I get that the 3 nodes comment is referring to clusters, but I wonder if this will confuse people in thinking it's not possible to test M3DB on their own (single) machine?

Yeah, perhaps just say "small number of nodes".

justinjc · 2018-10-01T16:45:02Z

docs/operational_guide/placement_changes.md

+
+In other words, all you have to do is issue the desired instruction and the M3 stack will take care of making sure that your data is distributed with appropriate replication and isolation.
+
+In the case of the M3DB nodes, nodes that have received new shards will immediately begin receiving writes (but not serving reads) for the new shards that they are responsible for. They will also begin streaming in all the data for their newly acquired shards from the peers that already have data for those shards. Once the nodes have finished streaming in the data for the shards that they have acquired, they will mark their status for those shards as `Available` in the placement and begin accepting writes. Simultaneously, the nodes that are losing ownership of any shards will mark their status for those shards as `LEAVING`. Once all the nodes accepting ownership of the new shards have finished streaming data from them, they will relinquish ownership of those shards and remove all the data associated with the shards they lost from memory and from disk.


Should Available be in all caps?

no but LEAVING should not be capitalized

justinjc · 2018-10-01T16:48:20Z

docs/operational_guide/placement_changes.md

+
+In the case of the M3DB nodes, nodes that have received new shards will immediately begin receiving writes (but not serving reads) for the new shards that they are responsible for.
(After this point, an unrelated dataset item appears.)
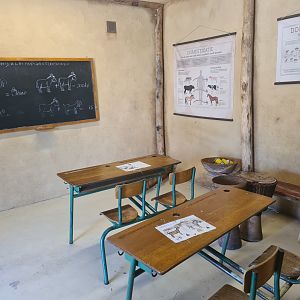 Serenga - Schoolhouse in Dogon village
They will also begin streaming in all the data for their newly acquired shards from the peers that already have data for those shards. Once the nodes have finished streaming in the data for the shards that they have acquired, they will mark their status for those shards as `Available` in the placement and begin accepting writes. Simultaneously, the nodes that are losing ownership of any shards will mark their status for those shards as `LEAVING`. Once all the nodes accepting ownership of the new shards have finished streaming data from them, they will relinquish ownership of those shards and remove all the data associated with the shards they lost from memory and from disk.
+
+M3Coordinator nodes will also pickup the new placement from etcd and alter which M3DB nodes they issue writse and reads to appropriately.


s/writse/writes

justinjc · 2018-10-01T16:49:34Z

docs/operational_guide/placement_changes.md

+
+#### Isolation Group
+
+This value controls how nodes that own the same M3DB shards are isolated from each other. For example, in a single datacenter configuration this value could be set to the rack that the M3DB node lives on. As a result, the placement will guarantee that nodes that exist on the same rack do not share any shards, allowing the cluster to survive the failure of an entire rack. Alternatively, if M3DB was deployed in an AWS region, the isolation group could be set to the regions availability zone and that would ensure that the cluster would survive the loss of an entire availability zone.


s/regions/region's

justinjc · 2018-10-01T16:51:57Z

docs/operational_guide/placement_changes.md

+
+#### Weight
+
+This value should be an integer and controls how the cluster will weigh the number of shards that an individual node will own. If you're running the M3DB cluster on homogenous hardware, then you probably want to assign all M3DB nodes the same weight so that shards are distributed evenly. On the otherhand, if you're running the cluster on heterogenous hardware, then this value should be higher for nodes with higher resources for whatever the limiting factor is in your cluster setup. For example, if disk space (as opposed to memory or CPU) is the limiting factor in how many shards any given node in your cluster can tolerate, then you could assign a higher value to nodes in your cluster that have larger disks and the placement calcualtions would assign them a higher number of shards.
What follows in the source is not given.